Washington, DC – The Senate Homeland Security and Governmental Affairs Committee today held a hearing to examine the threat of domestic radicalization in the US, continuing an investigation started last year by Senator Susan Collins (R-ME). Today’s hearing included testimony from Department of Homeland Security Secretary Michael Chertoff and other DHS representatives.
Senator Collins, Ranking Member of the Committee, expressed concern that there is “a false sense of security in this country that domestic radicalization and homegrown terrorists are not a threat here, that we’re different from Western Europe. But that fact should be a very small comfort to us, not only because it can and is happening here, but also because radicalized extremists from Great Britain and from France, who are citizens of those countries, can travel here easily.”

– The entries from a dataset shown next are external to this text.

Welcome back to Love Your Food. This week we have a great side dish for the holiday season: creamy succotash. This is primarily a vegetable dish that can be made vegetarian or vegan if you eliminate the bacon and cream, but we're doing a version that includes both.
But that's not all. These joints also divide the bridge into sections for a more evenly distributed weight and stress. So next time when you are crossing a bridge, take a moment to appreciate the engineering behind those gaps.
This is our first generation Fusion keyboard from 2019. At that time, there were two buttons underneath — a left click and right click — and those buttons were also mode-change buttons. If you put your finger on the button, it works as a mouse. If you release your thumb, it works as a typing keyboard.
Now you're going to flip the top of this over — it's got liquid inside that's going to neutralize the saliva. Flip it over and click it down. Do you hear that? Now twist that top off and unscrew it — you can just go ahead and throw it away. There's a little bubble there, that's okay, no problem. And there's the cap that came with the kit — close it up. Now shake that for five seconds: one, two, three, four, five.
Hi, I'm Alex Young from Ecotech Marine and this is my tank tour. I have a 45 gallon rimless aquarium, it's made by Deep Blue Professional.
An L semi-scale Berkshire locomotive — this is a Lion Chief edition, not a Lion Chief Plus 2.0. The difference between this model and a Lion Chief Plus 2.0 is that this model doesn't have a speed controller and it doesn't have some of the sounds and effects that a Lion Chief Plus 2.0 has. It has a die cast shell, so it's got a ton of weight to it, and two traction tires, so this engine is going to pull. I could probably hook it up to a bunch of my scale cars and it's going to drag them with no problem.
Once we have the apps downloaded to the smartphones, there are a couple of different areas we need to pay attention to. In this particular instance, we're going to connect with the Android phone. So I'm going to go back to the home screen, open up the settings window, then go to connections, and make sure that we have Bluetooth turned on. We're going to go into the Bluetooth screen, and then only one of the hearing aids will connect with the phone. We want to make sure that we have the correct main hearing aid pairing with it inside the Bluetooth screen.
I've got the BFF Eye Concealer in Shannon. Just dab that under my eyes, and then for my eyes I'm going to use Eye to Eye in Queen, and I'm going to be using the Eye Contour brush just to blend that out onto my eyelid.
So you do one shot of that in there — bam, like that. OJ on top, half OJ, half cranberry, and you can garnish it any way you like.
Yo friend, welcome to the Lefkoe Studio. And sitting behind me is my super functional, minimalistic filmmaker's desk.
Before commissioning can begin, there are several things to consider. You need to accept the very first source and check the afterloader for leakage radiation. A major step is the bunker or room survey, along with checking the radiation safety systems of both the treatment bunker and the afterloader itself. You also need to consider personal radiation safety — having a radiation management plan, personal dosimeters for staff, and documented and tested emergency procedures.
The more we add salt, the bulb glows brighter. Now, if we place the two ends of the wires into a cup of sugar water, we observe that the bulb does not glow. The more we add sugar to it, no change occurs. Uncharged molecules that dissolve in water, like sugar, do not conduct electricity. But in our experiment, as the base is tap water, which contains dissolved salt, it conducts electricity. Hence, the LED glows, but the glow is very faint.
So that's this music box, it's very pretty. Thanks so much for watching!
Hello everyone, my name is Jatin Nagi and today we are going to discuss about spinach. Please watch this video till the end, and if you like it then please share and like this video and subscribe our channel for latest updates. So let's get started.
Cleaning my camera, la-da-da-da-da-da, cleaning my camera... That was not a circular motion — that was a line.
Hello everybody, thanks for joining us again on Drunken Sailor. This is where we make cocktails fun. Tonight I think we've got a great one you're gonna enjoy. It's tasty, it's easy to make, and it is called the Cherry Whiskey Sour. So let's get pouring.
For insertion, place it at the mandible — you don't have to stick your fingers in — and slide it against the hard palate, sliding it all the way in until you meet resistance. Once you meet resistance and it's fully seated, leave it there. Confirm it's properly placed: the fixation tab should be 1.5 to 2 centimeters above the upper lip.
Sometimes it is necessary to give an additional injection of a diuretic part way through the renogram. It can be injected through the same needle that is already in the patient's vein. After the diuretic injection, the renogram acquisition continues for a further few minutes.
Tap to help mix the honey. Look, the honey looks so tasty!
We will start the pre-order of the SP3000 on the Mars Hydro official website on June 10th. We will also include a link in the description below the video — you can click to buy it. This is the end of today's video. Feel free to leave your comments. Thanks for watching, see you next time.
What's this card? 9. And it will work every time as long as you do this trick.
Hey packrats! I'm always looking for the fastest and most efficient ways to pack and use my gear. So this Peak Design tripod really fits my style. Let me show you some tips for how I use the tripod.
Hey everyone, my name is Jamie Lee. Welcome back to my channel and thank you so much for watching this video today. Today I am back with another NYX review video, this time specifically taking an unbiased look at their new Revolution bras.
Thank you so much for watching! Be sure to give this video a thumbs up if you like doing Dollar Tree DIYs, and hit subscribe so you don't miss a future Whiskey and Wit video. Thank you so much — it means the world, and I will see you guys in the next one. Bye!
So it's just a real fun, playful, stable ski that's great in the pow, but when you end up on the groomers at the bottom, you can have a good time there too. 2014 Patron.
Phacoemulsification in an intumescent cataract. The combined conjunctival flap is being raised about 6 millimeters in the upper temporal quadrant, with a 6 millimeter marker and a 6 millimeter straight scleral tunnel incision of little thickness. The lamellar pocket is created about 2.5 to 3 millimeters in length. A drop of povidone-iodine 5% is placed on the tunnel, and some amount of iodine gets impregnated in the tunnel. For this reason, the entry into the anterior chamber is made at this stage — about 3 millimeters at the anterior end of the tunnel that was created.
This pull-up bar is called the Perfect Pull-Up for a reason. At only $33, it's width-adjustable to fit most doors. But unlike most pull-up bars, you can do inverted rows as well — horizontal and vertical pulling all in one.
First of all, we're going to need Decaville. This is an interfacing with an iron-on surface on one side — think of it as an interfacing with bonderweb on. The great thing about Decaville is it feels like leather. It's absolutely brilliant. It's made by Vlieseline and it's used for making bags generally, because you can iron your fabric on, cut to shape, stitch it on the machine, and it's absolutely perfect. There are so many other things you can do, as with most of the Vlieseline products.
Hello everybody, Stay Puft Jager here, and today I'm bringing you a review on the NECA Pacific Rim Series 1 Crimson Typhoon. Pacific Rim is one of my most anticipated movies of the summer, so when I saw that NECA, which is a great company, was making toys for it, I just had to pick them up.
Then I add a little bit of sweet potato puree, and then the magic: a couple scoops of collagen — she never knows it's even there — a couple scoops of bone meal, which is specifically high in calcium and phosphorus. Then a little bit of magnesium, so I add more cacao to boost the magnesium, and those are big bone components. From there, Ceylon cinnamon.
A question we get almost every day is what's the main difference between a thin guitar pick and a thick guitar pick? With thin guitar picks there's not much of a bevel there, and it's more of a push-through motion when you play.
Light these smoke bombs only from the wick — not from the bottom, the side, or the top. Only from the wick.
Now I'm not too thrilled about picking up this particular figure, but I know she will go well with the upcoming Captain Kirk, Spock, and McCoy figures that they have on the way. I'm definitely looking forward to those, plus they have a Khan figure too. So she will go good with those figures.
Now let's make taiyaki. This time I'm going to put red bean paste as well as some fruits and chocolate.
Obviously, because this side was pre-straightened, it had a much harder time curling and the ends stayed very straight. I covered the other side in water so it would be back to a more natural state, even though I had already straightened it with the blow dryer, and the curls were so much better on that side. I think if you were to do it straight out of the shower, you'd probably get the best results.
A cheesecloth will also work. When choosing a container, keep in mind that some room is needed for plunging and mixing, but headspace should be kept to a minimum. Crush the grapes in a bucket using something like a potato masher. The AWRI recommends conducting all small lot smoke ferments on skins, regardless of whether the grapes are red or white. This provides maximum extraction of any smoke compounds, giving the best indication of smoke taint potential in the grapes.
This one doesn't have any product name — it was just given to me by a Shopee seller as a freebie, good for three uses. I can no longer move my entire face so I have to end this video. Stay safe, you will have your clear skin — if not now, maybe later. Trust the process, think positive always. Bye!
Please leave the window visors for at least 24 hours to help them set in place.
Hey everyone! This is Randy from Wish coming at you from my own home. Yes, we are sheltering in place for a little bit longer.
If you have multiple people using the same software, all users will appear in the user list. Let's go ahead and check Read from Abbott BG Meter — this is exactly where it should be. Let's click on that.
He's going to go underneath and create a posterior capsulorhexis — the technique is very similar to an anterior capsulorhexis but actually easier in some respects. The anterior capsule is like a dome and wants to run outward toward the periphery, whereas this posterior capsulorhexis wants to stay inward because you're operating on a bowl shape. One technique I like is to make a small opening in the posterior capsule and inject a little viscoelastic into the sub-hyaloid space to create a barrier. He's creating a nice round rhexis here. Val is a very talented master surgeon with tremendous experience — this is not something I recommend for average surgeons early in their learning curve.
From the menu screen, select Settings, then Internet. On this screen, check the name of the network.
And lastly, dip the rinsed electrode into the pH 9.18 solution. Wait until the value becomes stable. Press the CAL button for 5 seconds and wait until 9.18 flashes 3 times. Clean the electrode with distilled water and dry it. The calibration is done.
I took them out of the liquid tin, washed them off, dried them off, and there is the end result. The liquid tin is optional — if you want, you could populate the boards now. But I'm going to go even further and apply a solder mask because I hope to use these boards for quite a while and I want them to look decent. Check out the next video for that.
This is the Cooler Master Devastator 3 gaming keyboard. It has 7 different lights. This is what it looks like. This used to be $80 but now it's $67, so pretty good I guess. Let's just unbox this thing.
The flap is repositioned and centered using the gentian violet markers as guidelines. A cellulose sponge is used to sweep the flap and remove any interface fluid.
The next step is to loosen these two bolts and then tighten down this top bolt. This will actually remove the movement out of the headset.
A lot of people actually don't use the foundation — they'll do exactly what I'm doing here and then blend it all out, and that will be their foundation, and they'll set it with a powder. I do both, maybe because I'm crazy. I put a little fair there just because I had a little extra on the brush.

Senator Collins reiterated her belief, which she expressed last year in a letter to the White House, “that to prevent domestic radicalization, which has been identified as a precursor to terrorism, the federal government must prioritize outreach to American Muslims to foster positive relations and build strong community ties.” Senator Collins also discussed with Secretary Chertoff the importance of strengthening Visa Waiver Program requirements so that violent extremists in participating countries cannot travel to the United States. Provisions strengthening the Visa Waiver Program were included in the Lieberman-Collins Improving America’s Security Act of 2007, passed yesterday by the Senate.
She added, “The Department must combine vital and vigorous counter-measures against terrorism with the kind of engagement with the Muslim community that reassures them that they are valued fellow citizens and that helps deprive terrorists of their tools of fear and hatred.”